*** Block opens ***

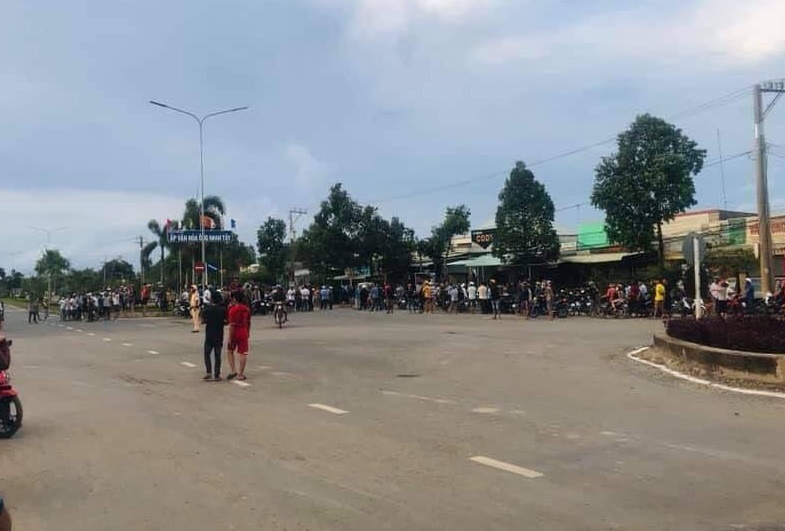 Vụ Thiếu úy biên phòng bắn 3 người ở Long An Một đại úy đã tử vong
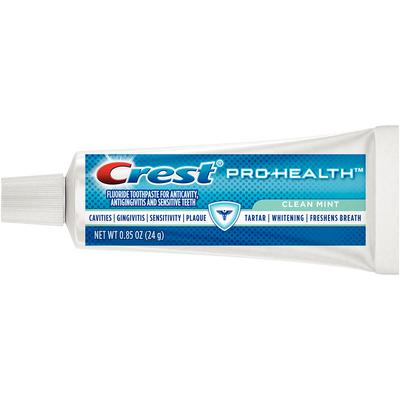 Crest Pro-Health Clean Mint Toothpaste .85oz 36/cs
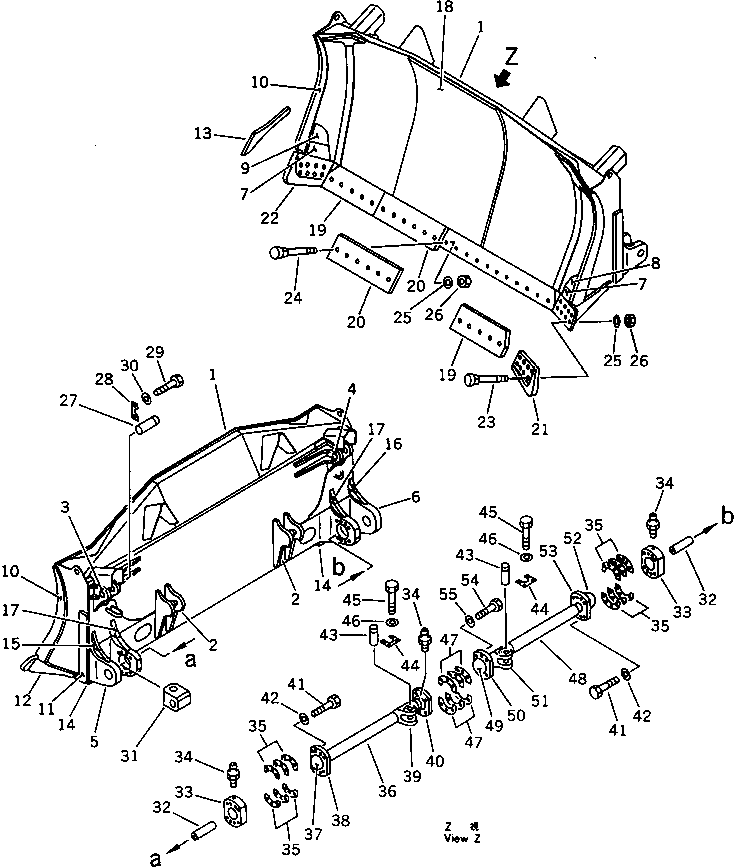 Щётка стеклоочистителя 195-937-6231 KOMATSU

*** Block closes ***

## Exercise prompt
In transcribing the material above, reproduce each line exactly and include none of the pictures.

## Answer
 Vụ Thiếu úy biên phòng bắn 3 người ở Long An Một đại úy đã tử vong
 Crest Pro-Health Clean Mint Toothpaste .85oz 36/cs
 Щётка стеклоочистителя 195-937-6231 KOMATSU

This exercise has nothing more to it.